## Work instruction
Print out each record, keeping it identical to the original.

## Data to process
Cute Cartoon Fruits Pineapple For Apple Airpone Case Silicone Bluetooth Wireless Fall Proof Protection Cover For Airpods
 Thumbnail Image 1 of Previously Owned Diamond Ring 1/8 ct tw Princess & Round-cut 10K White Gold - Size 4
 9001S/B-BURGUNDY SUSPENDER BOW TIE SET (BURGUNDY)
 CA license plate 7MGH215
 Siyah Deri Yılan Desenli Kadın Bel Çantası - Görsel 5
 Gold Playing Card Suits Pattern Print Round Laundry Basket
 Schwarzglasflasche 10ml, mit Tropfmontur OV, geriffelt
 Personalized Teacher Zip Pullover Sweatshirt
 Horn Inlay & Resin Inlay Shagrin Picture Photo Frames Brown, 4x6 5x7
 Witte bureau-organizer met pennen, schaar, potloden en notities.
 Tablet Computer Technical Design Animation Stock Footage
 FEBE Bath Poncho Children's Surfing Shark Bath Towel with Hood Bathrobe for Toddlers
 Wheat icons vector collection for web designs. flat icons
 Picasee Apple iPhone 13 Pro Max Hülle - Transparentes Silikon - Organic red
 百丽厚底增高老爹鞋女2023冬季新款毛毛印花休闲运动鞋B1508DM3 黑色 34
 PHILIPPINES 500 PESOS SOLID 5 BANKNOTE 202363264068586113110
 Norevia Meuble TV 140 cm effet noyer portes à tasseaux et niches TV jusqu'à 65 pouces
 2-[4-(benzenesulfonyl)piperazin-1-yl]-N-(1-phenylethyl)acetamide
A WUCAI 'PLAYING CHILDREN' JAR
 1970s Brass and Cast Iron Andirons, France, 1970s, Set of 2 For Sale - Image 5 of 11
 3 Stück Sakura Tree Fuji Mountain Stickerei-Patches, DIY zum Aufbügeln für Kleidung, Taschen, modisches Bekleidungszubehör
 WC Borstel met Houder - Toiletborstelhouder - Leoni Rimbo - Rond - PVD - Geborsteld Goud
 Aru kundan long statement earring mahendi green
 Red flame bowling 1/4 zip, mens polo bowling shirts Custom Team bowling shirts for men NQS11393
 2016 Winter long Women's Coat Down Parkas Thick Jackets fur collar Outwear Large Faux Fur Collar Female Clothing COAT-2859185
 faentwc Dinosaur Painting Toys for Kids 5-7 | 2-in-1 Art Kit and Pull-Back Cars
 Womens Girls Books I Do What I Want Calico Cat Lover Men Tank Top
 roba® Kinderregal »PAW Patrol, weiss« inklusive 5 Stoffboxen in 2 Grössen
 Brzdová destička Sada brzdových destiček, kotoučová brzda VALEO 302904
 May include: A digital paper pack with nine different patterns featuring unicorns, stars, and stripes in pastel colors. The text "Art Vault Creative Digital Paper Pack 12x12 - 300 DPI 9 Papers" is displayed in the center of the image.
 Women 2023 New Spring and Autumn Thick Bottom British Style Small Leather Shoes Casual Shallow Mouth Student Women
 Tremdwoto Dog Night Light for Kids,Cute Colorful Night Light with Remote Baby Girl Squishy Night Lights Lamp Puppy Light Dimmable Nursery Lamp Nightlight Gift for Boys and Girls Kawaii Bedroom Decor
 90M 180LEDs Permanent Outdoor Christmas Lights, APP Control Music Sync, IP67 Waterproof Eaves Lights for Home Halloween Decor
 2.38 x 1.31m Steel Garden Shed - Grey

## Problem solution
Cute Cartoon Fruits Pineapple For Apple Airpone Case Silicone Bluetooth Wireless Fall Proof Protection Cover For Airpods
 Thumbnail Image 1 of Previously Owned Diamond Ring 1/8 ct tw Princess & Round-cut 10K White Gold - Size 4
 9001S/B-BURGUNDY SUSPENDER BOW TIE SET (BURGUNDY)
 CA license plate 7MGH215
 Siyah Deri Yılan Desenli Kadın Bel Çantası - Görsel 5
 Gold Playing Card Suits Pattern Print Round Laundry Basket
 Schwarzglasflasche 10ml, mit Tropfmontur OV, geriffelt
 Personalized Teacher Zip Pullover Sweatshirt
 Horn Inlay & Resin Inlay Shagrin Picture Photo Frames Brown, 4x6 5x7
 Witte bureau-organizer met pennen, schaar, potloden en notities.
 Tablet Computer Technical Design Animation Stock Footage
 FEBE Bath Poncho Children's Surfing Shark Bath Towel with Hood Bathrobe for Toddlers
 Wheat icons vector collection for web designs. flat icons
 Picasee Apple iPhone 13 Pro Max Hülle - Transparentes Silikon - Organic red
 百丽厚底增高老爹鞋女2023冬季新款毛毛印花休闲运动鞋B1508DM3 黑色 34
 PHILIPPINES 500 PESOS SOLID 5 BANKNOTE 202363264068586113110
 Norevia Meuble TV 140 cm effet noyer portes à tasseaux et niches TV jusqu'à 65 pouces
 2-[4-(benzenesulfonyl)piperazin-1-yl]-N-(1-phenylethyl)acetamide
A WUCAI 'PLAYING CHILDREN' JAR
 1970s Brass and Cast Iron Andirons, France, 1970s, Set of 2 For Sale - Image 5 of 11
 3 Stück Sakura Tree Fuji Mountain Stickerei-Patches, DIY zum Aufbügeln für Kleidung, Taschen, modisches Bekleidungszubehör
 WC Borstel met Houder - Toiletborstelhouder - Leoni Rimbo - Rond - PVD - Geborsteld Goud
 Aru kundan long statement earring mahendi green
 Red flame bowling 1/4 zip, mens polo bowling shirts Custom Team bowling shirts for men NQS11393
 2016 Winter long Women's Coat Down Parkas Thick Jackets fur collar Outwear Large Faux Fur Collar Female Clothing COAT-2859185
 faentwc Dinosaur Painting Toys for Kids 5-7 | 2-in-1 Art Kit and Pull-Back Cars
 Womens Girls Books I Do What I Want Calico Cat Lover Men Tank Top
 roba® Kinderregal »PAW Patrol, weiss« inklusive 5 Stoffboxen in 2 Grössen
 Brzdová destička Sada brzdových destiček, kotoučová brzda VALEO 302904
 May include: A digital paper pack with nine different patterns featuring unicorns, stars, and stripes in pastel colors. The text "Art Vault Creative Digital Paper Pack 12x12 - 300 DPI 9 Papers" is displayed in the center of the image.
 Women 2023 New Spring and Autumn Thick Bottom British Style Small Leather Shoes Casual Shallow Mouth Student Women
 Tremdwoto Dog Night Light for Kids,Cute Colorful Night Light with Remote Baby Girl Squishy Night Lights Lamp Puppy Light Dimmable Nursery Lamp Nightlight Gift for Boys and Girls Kawaii Bedroom Decor
 90M 180LEDs Permanent Outdoor Christmas Lights, APP Control Music Sync, IP67 Waterproof Eaves Lights for Home Halloween Decor
 2.38 x 1.31m Steel Garden Shed - Grey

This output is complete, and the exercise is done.